The Controversial Book that Is Fifty Shades of Grey

by - Sunday, July 15, 2012

I read a lot, mostly in ebook format, and I read a variety of genre - paranormal, mythology, sports, military. I actually have an account at Goodreads.com so I'll have an idea about new and old titles I should read next. One time, while browsing the site, I came across Fifty Shades of Grey. It has so many bad reviews though that I didn't even read the summary and moved on.

Fifty Shades of Grey
Fifty Shades Trilogy
But, I noticed that the book has been getting a lot of buzz. In fact, someone from a local radio station I listen to regularly mentioned the Fifty Shades of Grey and the other two books (it's a trilogy). She said that she have read it and it's, well, a good read for her. I mean, really? After all those bad reviews both from a book site and Amazon.com, people are going crazy about this?

So, what exactly is Fifty Shades of Grey and why has it become a best seller? The book is an erotic novel written by E.L James. It's a BDSM (bondage, discipline, sadism and masochism) story about Christian Grey and Anastasia Steele. 

When literature student Anastasia Steele is drafted to interview the successful young entrepreneur Christian Grey for her campus magazine, she finds him attractive, enigmatic and intimidating. Convinced their meeting went badly, she tries to put Grey out of her mind - until he happens to turn up at the out-of-town hardware store where she works part-time. 

The unworldly, innocent Ana is shocked to realize she wants this man, and when he warns her to keep her distance it only makes her more desperate to get close to him. Unable to resist Ana’s quiet beauty, wit, and independent spirit, Grey admits he wants her - but on his own terms. 

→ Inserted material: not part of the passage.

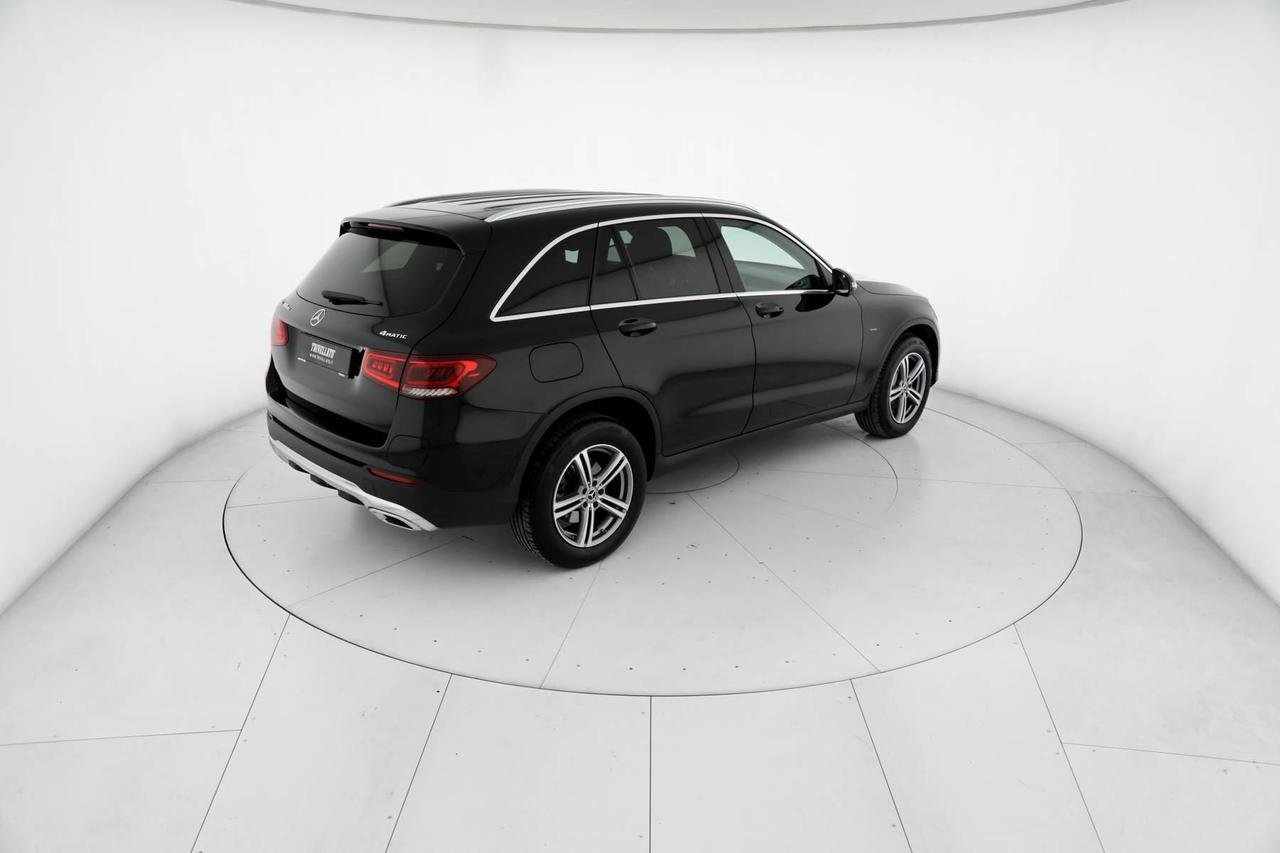 GLC 300 de phev (eq-power) Sport 4matic auto - Certified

Shocked yet thrilled by Grey's singular erotic tastes, Ana hesitates. For all the trappings of success – his multinational businesses, his vast wealth, his loving adoptive family – Grey is a man tormented by demons and consumed by the need to control. When the couple embarks on a passionate, physical and daring affair, Ana learns more about her own dark desires, as well as the Christian Grey hidden away from public scrutiny.

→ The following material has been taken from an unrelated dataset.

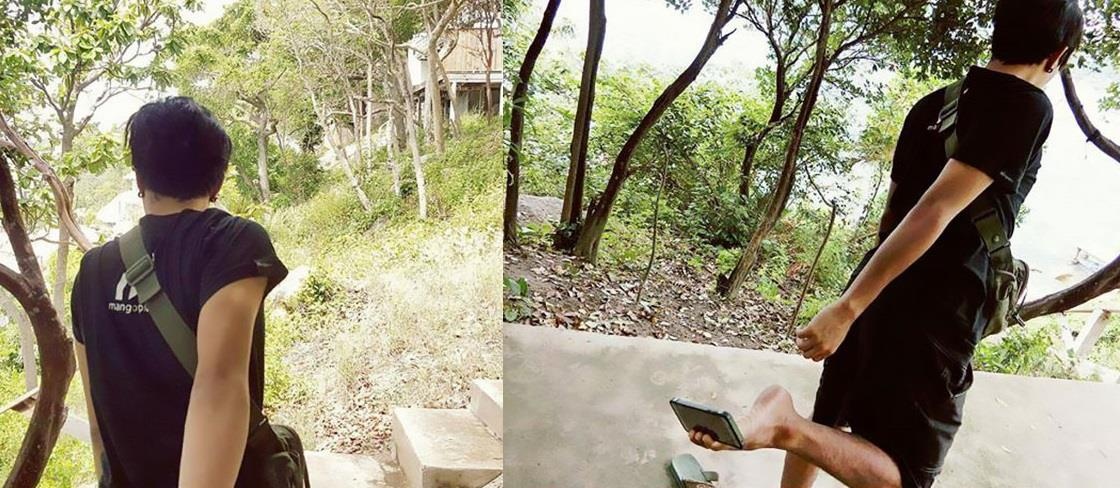 Khi muon nguoi ta tuong ban da co nguoi yeu anh 2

Can their relationship transcend physical passion? Will Ana find it in herself to submit to the self-indulgent Master? And if she does, will she still love what she finds?

Erotic, amusing, and deeply moving, the Fifty Shades Trilogy is a tale that will obsess you, possess you, and stay with you forever.

This is the summary on Goodreads.com. So, on to the next question, as to why it has become a best seller. I'm not sure. Maybe the world has gone crazy. Haha. Or maybe because it's a book (or all three of them) that provides a ground for freedom for those who have secret sexual intensities that will otherwise be condemned in the societies where they live. Let's face it. Not many people have high regards for BDSM type of sex. And by reading this book, the reader can put themselves in the shoes of Anastasia and live their fantasies. 

I, for one, is not very amused about reading BDSM. Sure, I have read my fair share of erotic fiction and have encountered few scenes in relation to BDSM. I guess it's not enough to get me interested. I don't even like the idea of a ménage à trois. Why would someone like to go through that is beyond me. Well, that's just my opinion and I am not judging anyone here. 

Anyway, what turned me off about this trilogy are the reviews. I mean, I'm not wasting my time (and money) with three novels if I'm going to feel ripped afterwards. 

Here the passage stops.